WELL is the International wellbeing Institute which aims to create healthier built environments which advance human health and wellbeing. It’s a growing movement, established 6 years ago and now a widely recognised standard across the world. It’s been embraced widely in the US and is increasingly being incorporated into buildings across London and surrounding areas.

So what does ‘Well’ mean for architects, designers and developers?  Martin from Well Workplaces, a ‘Well’ accredited professional, paid a visit to Alpha HQ this week to share his knowledge, as part of the launch of Alpha and Ten Eighty’s new look showroom in Belfast.  Around 60 professionals attended the launch, keen to see how the standard could be incorporated into their own businesses and into client work.

Martin explained that we spend 90% of our time indoors, and that buildings have a profound effect on our health.

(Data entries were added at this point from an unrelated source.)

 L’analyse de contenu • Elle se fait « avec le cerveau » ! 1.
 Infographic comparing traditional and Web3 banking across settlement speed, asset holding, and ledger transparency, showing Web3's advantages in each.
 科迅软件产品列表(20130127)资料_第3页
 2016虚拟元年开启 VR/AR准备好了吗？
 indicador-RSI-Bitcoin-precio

Businesses and corporations are increasingly waking up to the fact that a healthier workplace means healthier employees, and healthier employees work more productively. 90% of the cost of most businesses comes from paying people salaries, so it makes sense to invest in employee wellbeing, and to find ways to help attract and retain the best staff.

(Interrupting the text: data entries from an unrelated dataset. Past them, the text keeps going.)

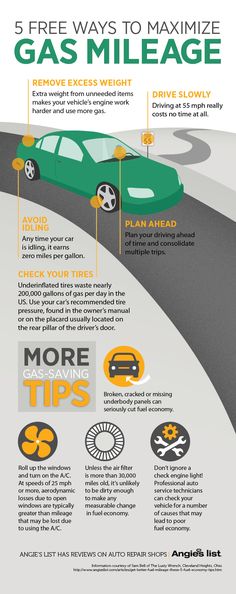 How to take care of your tires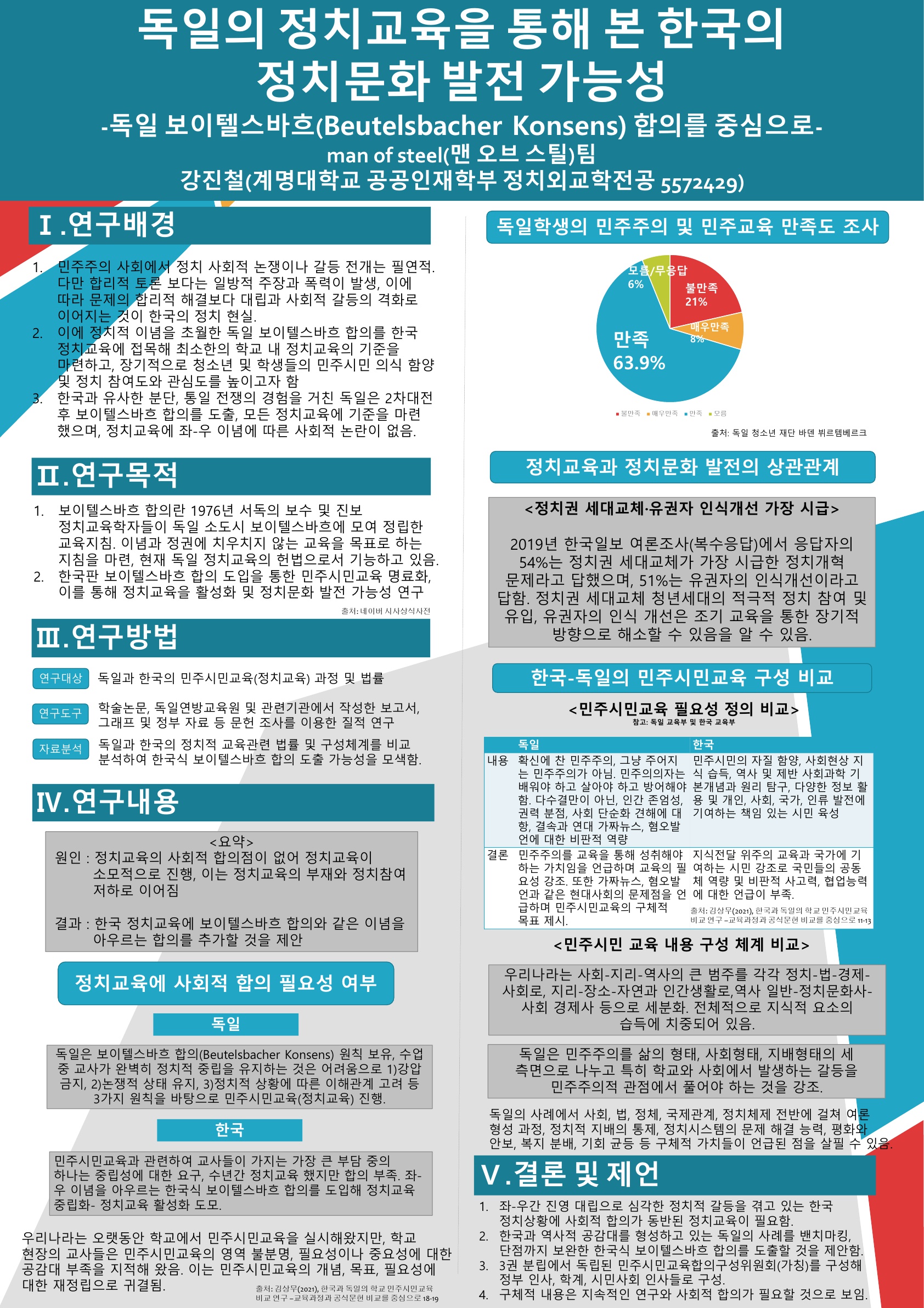 3-5.jpg 첨부 이미지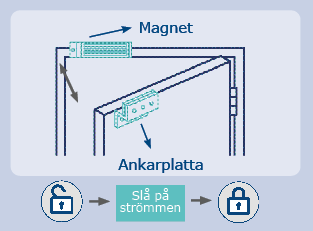 skiss på hur ett magnetlås ser ut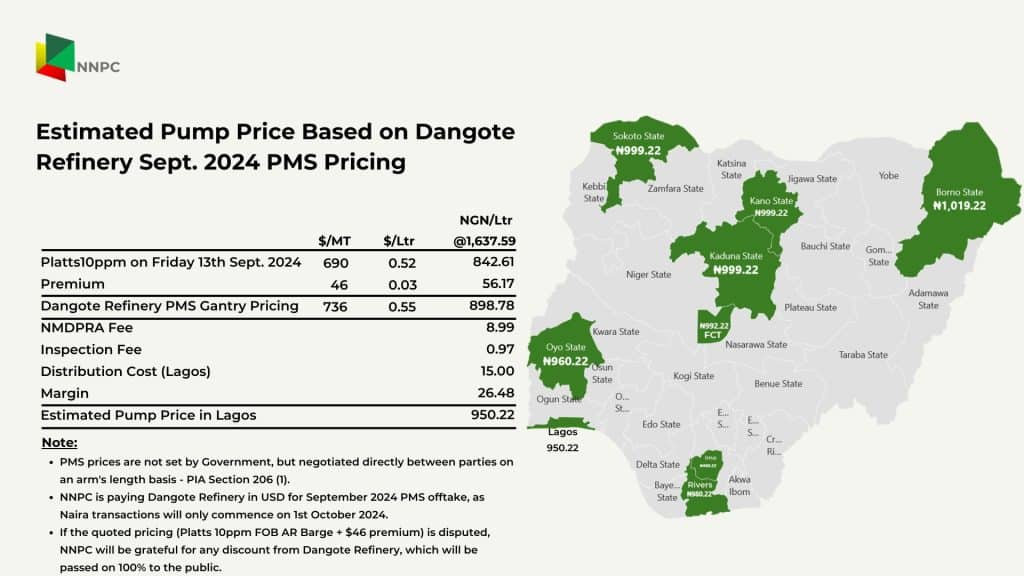 NNPC Corrects Mistake On Petrol Price Increase Statement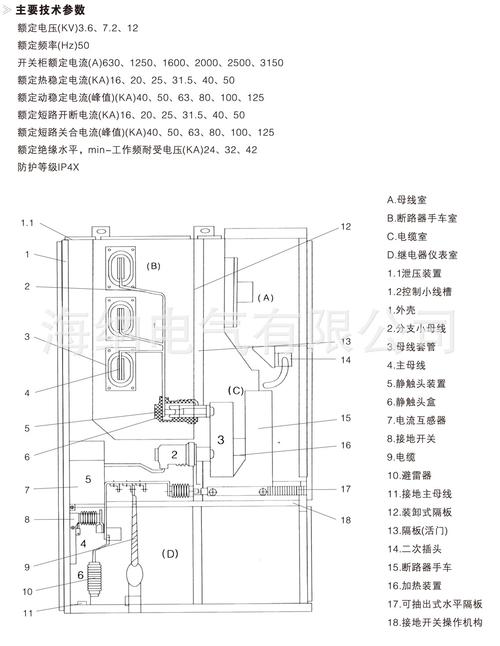 厂家直销kyn28c-12(c型)户内交流金属铠装移开式高压开关柜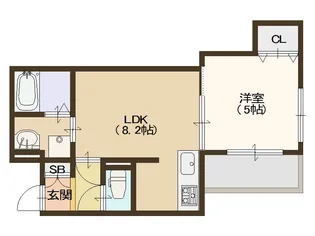 大阪府大阪市西成区玉出東1【アパート】の間取り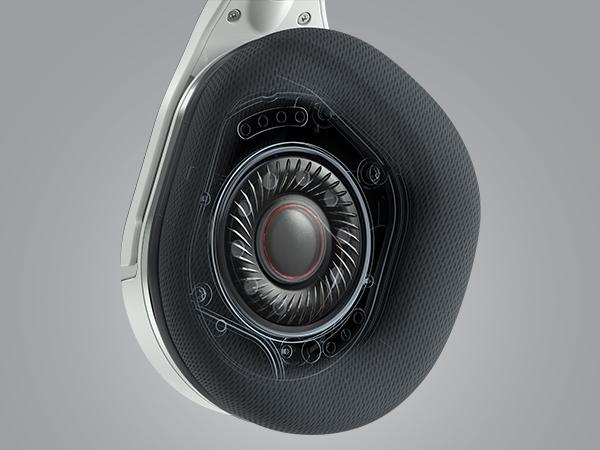 Produktbild Turtle Beach Stealth 600P Gen 2 (Kabellos)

Martin admitted that it’s a very challenging standard, but also said that the principles were worth applying, even if achieving the full standard wasn’t viable.  It is described it as a ‘Comprehensive Approach to Wellbeing’ – covering ten main areas:

  • Air

  • Water

  • Nourishment

  • Light

  • Movement

  • Thermal Comfort

  • Sound

  • Materials

  • Mind

  • Community


 

He gave examples of ways in which companies are making incremental changes, which together have a positive impact on wellbeing. For example, vegetables and salad can be displayed at the start of the line in the canteen queue, with smaller plates provided to discourage overeating – both helping to tackle the growing obesity crisis. He also pointed out that when it comes to noise, a little bit is useful, as total silence can actually negatively affect productivity, but if it becomes too loud it can cause a serious distraction. Thermal comfort can also be a major distraction – he advised creating some warmer and some cooler areas so staff can move about according to their personal preferences.

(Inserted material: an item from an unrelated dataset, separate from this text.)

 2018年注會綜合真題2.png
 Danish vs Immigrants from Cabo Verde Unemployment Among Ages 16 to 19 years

The benefits of a healthier workplace are multi-fold – employees are happier and healthier, employers experience increased productivity, and shareholders and executive boards will also be happy.  It is designed to work in all types of buildings – from offices to schools, from hospitals to airports, and even apartment blocks. So, we can expect to see the standard across many walks of life. There is a clear benefit to developers too – as ‘Well’ spaces are easier to rent, stay occupied for longer, and increase the building’s value.

The ultimate aim of ‘Well’ is’ to create a positive human experience’. We are all working longer, so improving our working environments will benefit not only us but generations to come.

Thanks to Martin for a fascinating and insightful presentation – it certainly gave us all plenty to think about!